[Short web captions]

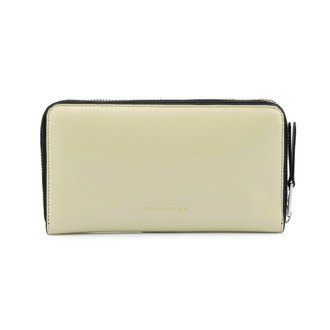 Ženski novčanik Karl Lagerfeld K/Signature Soft Cont Wallet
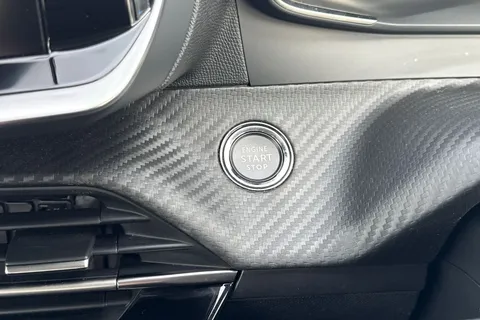 HSZ6222 PEUGEOT e-208 50kWh E-Style Auto 5dr (7.4kW Charger) Thumbnail #56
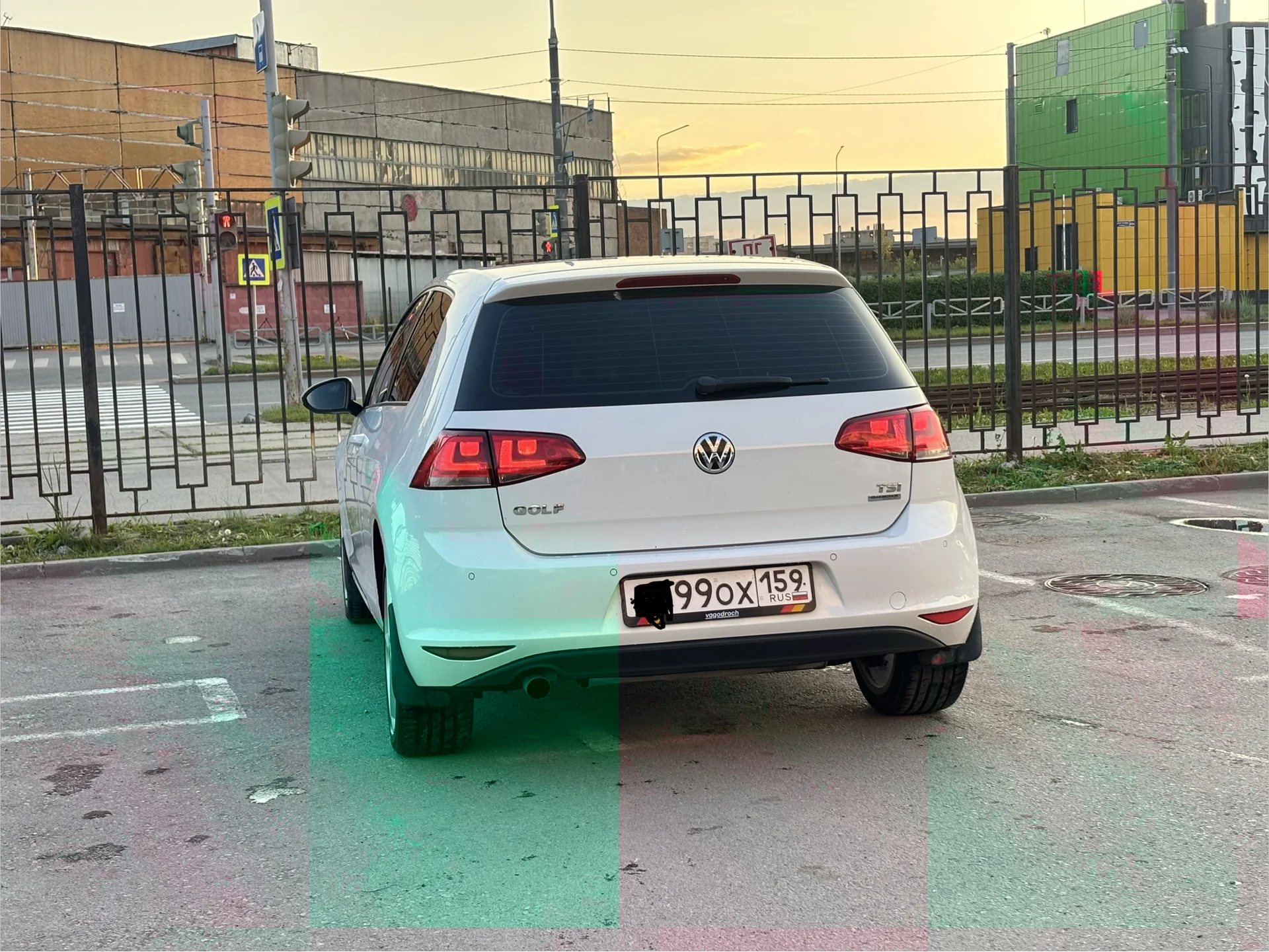 golf 7 - миниатюра 5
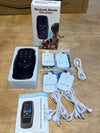 Electronic muscle stimulator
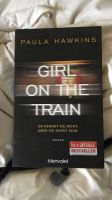 Roman, "Girl on the train", Paula Hawkins Frankfurt am Main - Bornheim Vorschau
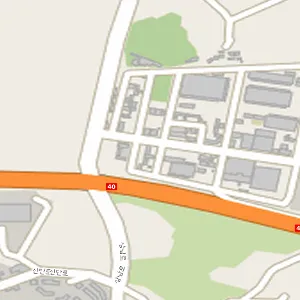 경기도 평택시 가재동 렌트카 지에스렌트리스 위치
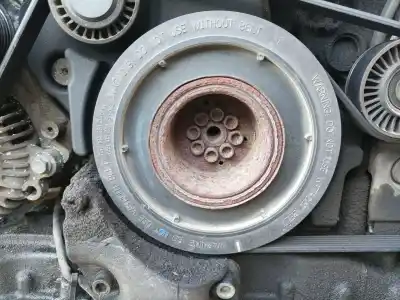 Автозапчасти б/у шкив коленчатого вала за audi a6 c6 (4f2) 3.0 tdi quattro ссылки oem iam 057105251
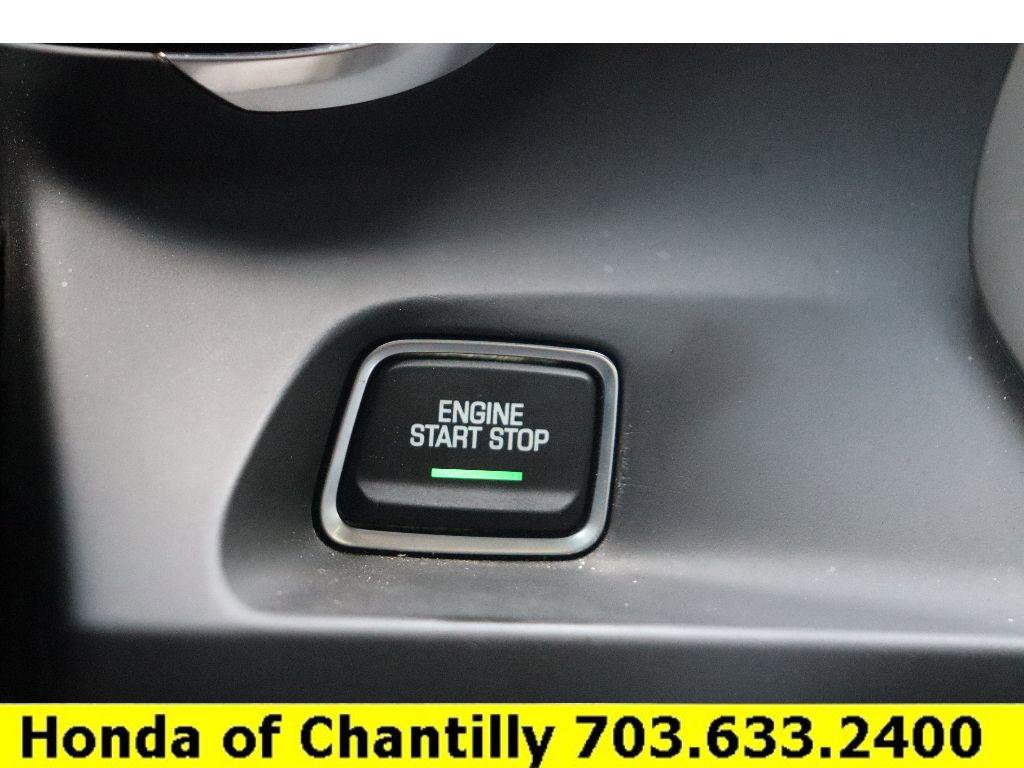 Used 2018 Chevrolet Camaro SS image 15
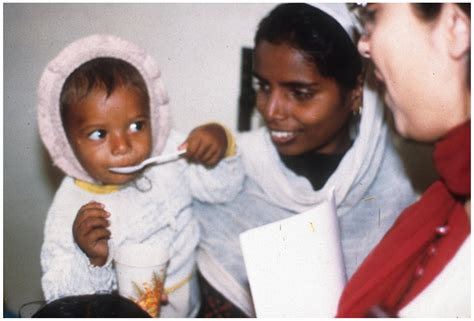 Issues and Controversies in the Evolution of Oral Rehydration Therapy (ORT)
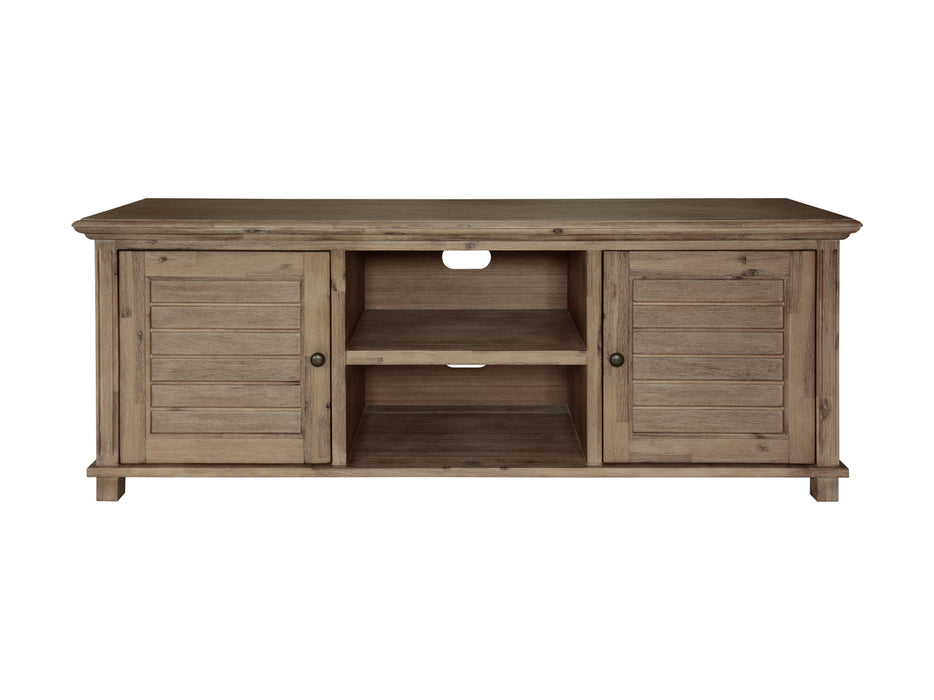 Crest 2 Dr TV Unit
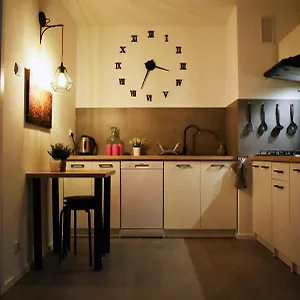 Centrum Homestay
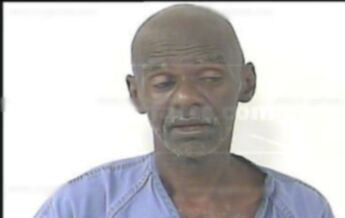 Ronald Lanier Blackshear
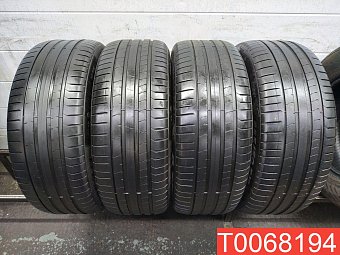 Pirelli PZero GEN-2 265/50 R19 110W RunFlat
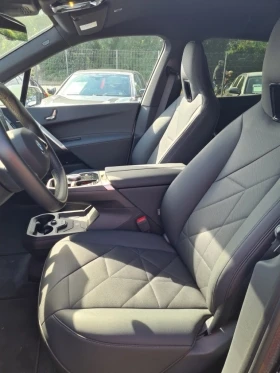 BMW iX xDrive40, снимка 7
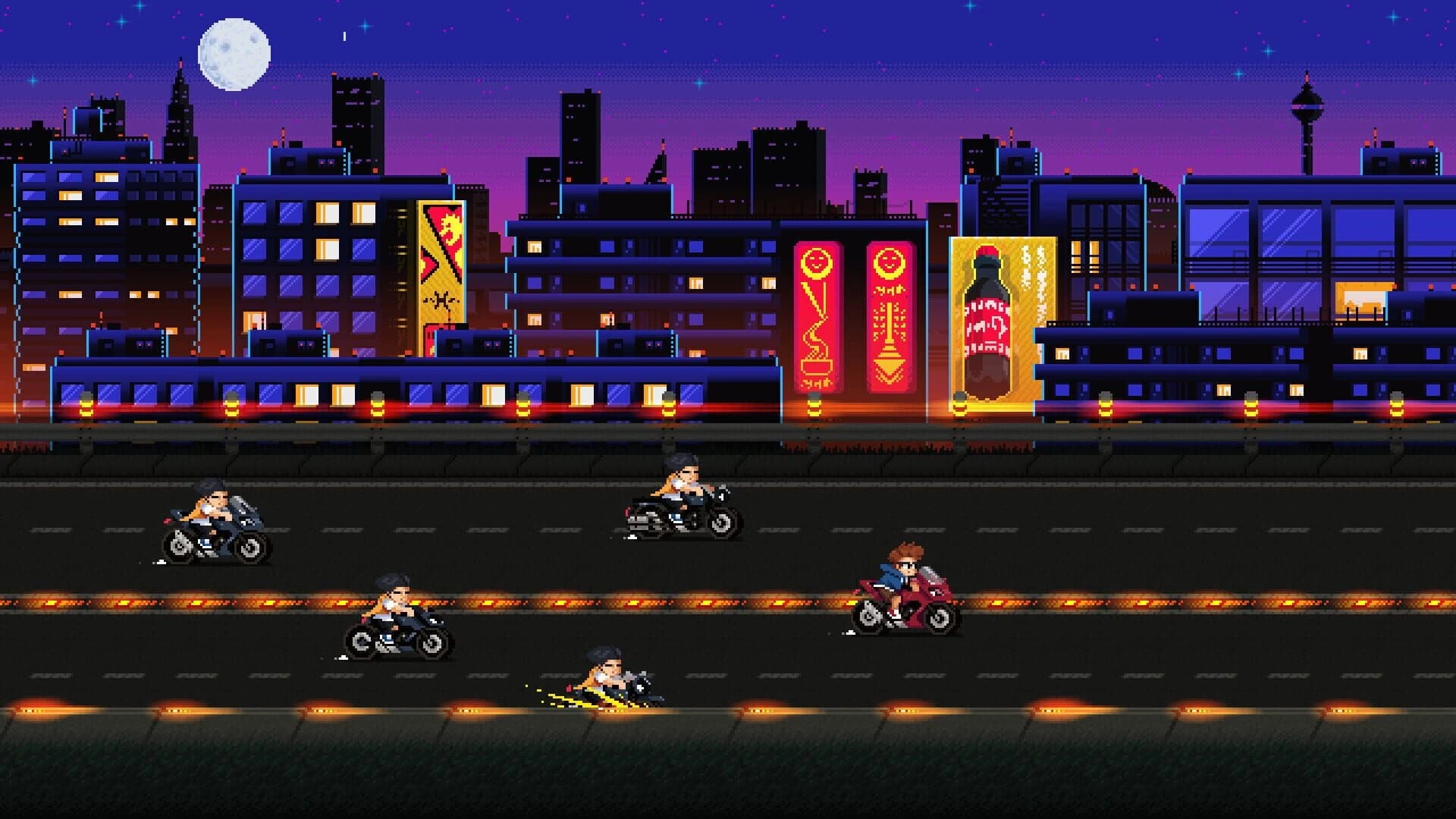 Back in Time screenshot 3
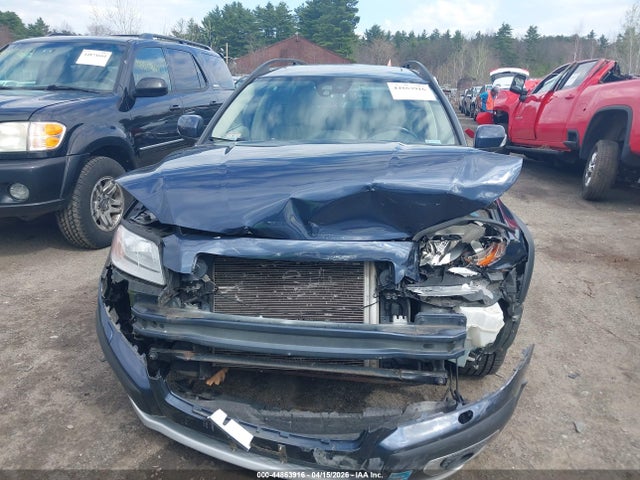 Volvo XC70 3.2 Premier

INSTRUCTIONS TO FOLLOW: Reproduce all the entries above exactly. Include no images.

RESULT OF THE EXERCISE:
 Ženski novčanik Karl Lagerfeld K/Signature Soft Cont Wallet
 HSZ6222 PEUGEOT e-208 50kWh E-Style Auto 5dr (7.4kW Charger) Thumbnail #56
 golf 7 - миниатюра 5
 Electronic muscle stimulator
 Roman, "Girl on the train", Paula Hawkins Frankfurt am Main - Bornheim Vorschau
 경기도 평택시 가재동 렌트카 지에스렌트리스 위치
 Автозапчасти б/у шкив коленчатого вала за audi a6 c6 (4f2) 3.0 tdi quattro ссылки oem iam 057105251
 Used 2018 Chevrolet Camaro SS image 15
 Issues and Controversies in the Evolution of Oral Rehydration Therapy (ORT)
 Crest 2 Dr TV Unit
 Centrum Homestay
 Ronald Lanier Blackshear
 Pirelli PZero GEN-2 265/50 R19 110W RunFlat
 BMW iX xDrive40, снимка 7
 Back in Time screenshot 3
 Volvo XC70 3.2 Premier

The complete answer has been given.